Tracking and config of machine learning runs
Project description
MLRun
A generic an easy to use mechanism for data scientists and developers/engineers to describe and run machine learning related tasks in various scalable runtime environments and ML pipelines while automatically tracking code, metadata, inputs, and outputs of executions. MLRun is integrate/use Nuclio serverless project and KubeFlow.

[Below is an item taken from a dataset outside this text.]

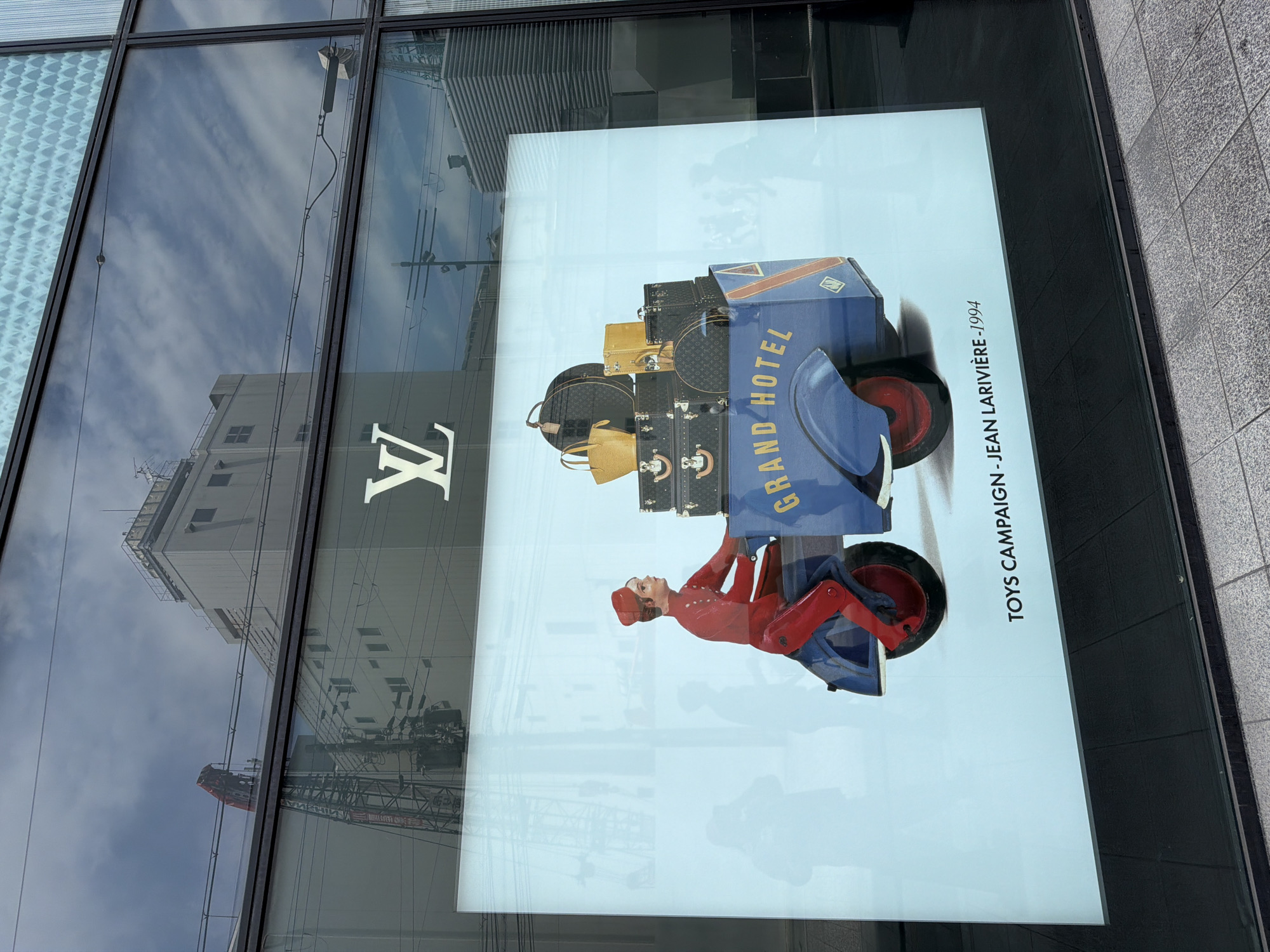 A large glass display window, likely for a Louis Vuitton store, is depicted at ground level in an urban setting, identified as Osaka, Japan, due to characteristic overhead utility lines and architecture. The window features a brightly illuminated advertisement behind the glass. The advertisement illustrates a stylized figure, a bellhop in a red uniform (red cap, jacket, and pants), riding a blue, three-wheeled vehicle resembling a scooter with a large cargo box. The box is inscribed with "GRAND HOTEL" in yellow script and is laden with several dark, monogrammed Louis Vuitton trunks and two yellow handbags. Below the illustration, black text reads "TOYS CAMPAIGN - JEAN LARIVIÈRE - 1994". A white Louis Vuitton "LV" logo is centered above the advertisement. The glass surface reflects a partly cloudy blue sky, a light-colored multi-story building with numerous windows, a prominent red-tipped construction crane, utility poles, and a dense network of overhead power lines. Faint, translucent silhouettes of pedestrians are visible in the reflections across the lower and middle sections of the advertisement. The ground immediately outside the window consists of a dark, flat surface transitioning to a lighter grey, textured sidewalk.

General Concept and Motivation
A developer or data-scientist writes code in a local IDE or notebook, then he would like to run the same code on a larger cluster using scale-out containers or functions, once the code is ready he or another developer need to transfer the code into an automated ML workflow (e.g. using KubeFlow Pipelines), add logging, monitoring, security, etc.
In the various (runtime
) environments we use different configurations, parameters, and data sources.
We also use different frameworks and platforms which focus on different stages in the life-cycle.
This leads to constant development and DevOps/MLops work.
As we scale we need greater computation power or GPUs, and we need to access large scale datasets, this cant work on laptops, we need a way to seamlessly run our code on a remote cluster and automatically scale it out.
When running experiments we would like to record/version all the code, configuration, outputs and and associated inputs (lineage), so we can easily reproduce or explain our results. The fact that we use different forms of storage (files, S3, ..) and databases doesnt make our life easy.
Many of those code and ML functions can be reused across projects and companies, having a function marketplace comprised of highly tuned open-source templates along side our internally developed functions can further accelerate our work.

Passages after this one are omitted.